Antes de discorrermos substantivamente sobre o ESM, permitimo-nos trazer à liça mais uma constatação, que para nós é uma certeza há muito tempo: os ramos das Forças Armadas, por regra, cumprem as suas missões de costas voltadas uns para os outros.

Altas entidades militares surgirão a negar esta afirmação, mas as evidências ‘da prática’ são tantas, e os entraves a qualquer tipo de aproximação são tão frequentes e claros, que têm resultado num imobilismo sistémico. O qual apenas procura garantir interesses mesquinhos e corporativos – disfarçados, está claro, com o rótulo respeitável da ‘defesa do interesse do ramo’.

Convém recordar, porém, que o ‘interesse dos ramos’ não deveria existir, pois apenas há o ‘interesse nacional’, definido pelo poder político, cabendo aos militares somente  a responsabilidade e o mérito de salvaguardar a sua prossecução.
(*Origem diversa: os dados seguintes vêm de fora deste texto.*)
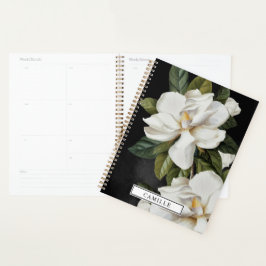 Agenda Elegante Magnolia Planner Blanco y Negro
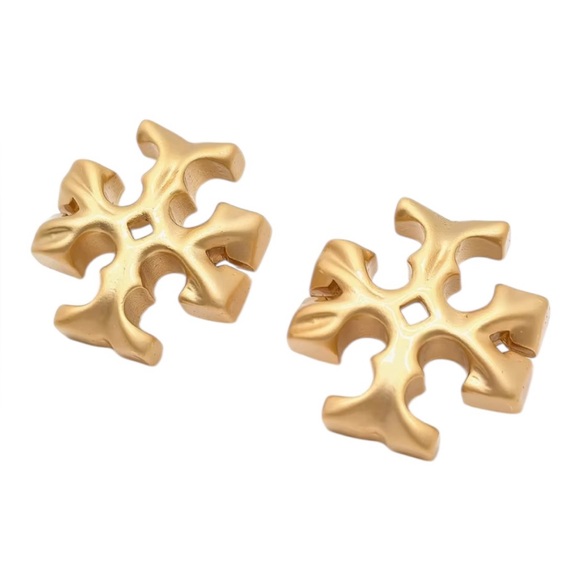 Tory Burch Gold Earrings with bag and box - Picture 9 of 15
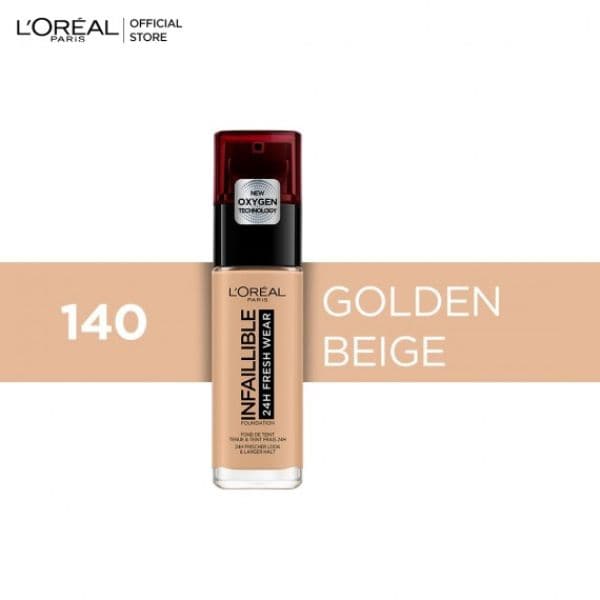 Loreal Infallible Liquid Foundation 24H Fresh Wear - 140 Golden Beige - Premium Health & Beauty from Loreal Makeup - Just Rs 4164! Shop now at Cozmetica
Aliás, num Estado de Direito Democrático, seria muito estranho e inaceitável que se considerasse sequer a possibilidade de os ‘interesses dos ramos’ serem manifestamente diferentes dos ‘interesses nacionais’.

Dito isto, questionar-me-ão de novo: mas o que tem o ESM a ver com a relação de ‘costas voltadas’ existente entre os três ramos das Forças Armadas portuguesas?

A resposta é intrigantemente muito simples: tudo.

E tudo porque, desde o dia em que um jovem é recebido nas fileiras da instituição militar até ao dia em que as abandona, já bastante mais velho, todo o ensino que lhe é ministrado tem subjacente uma especificidade e uma ‘legitimidade própria’ que apenas existe no seu ramo; os outros ramos ou são ignorados ou referidos com um conjunto de adjetivos pouco abonatórios.

Esta prática vai-se entranhando, vai sendo inculcada, até fazer parte da ‘cultura da instituição’.

Aliás, mesmo, no interior do ramo das Forças Armadas em que o militar é integrado, vão-lhe sendo incutidas divisões artificiais mas que assentam em posturas, condutas e um infindável conjunto de procedimentos que ajudam a perpetuar ‘os seus’ – com o argumento de que são diferentes, têm cultura própria e são melhores.

Poderemos chamar-lhe Armas, Serviços, Classes, Especialidades, Unidade A, Unidade B ou Força Especial —  mas quem lhes pertencer, nem que seja temporariamente, tem de ‘vestir a camisola’, tem de adotar uma atitude diferente, sempre diferente!

É sempre o ‘nós’ e os ‘outros’: o ‘nosso’ ramo e os ‘outros’ ramos; as ‘nossas’ unidades e as unidades dos ‘outros’; os ‘nossos’ sistemas de armas e os sistemas de armas dos ‘outros’; a ‘nossa’ idiossincrasia e a idiossincrasia dos ‘outros’; os ‘nossos’ problemas e os problemas dos ‘outros’. Enfim, ‘a minha quinta é melhor que a tua’ e defendê-la-ei contra tudo e contra todos.

Ora, nunca conseguirá implementar-se uma reforma nas Forças Armadas portuguesas se (e enquanto) o Ensino Superior Militar não for totalmente integrado.

Mesmo que a reforma seja imposta aos militares, esta não será cabalmente implementada enquanto os princípios, os valores e os desígnios não forem comuns, pois tudo será pesado em termos de ‘ganhos e perdas para os nossos’. Desengane-se quem pensar que não é assim.

Para a semana continuaremos a desenvolver este tema.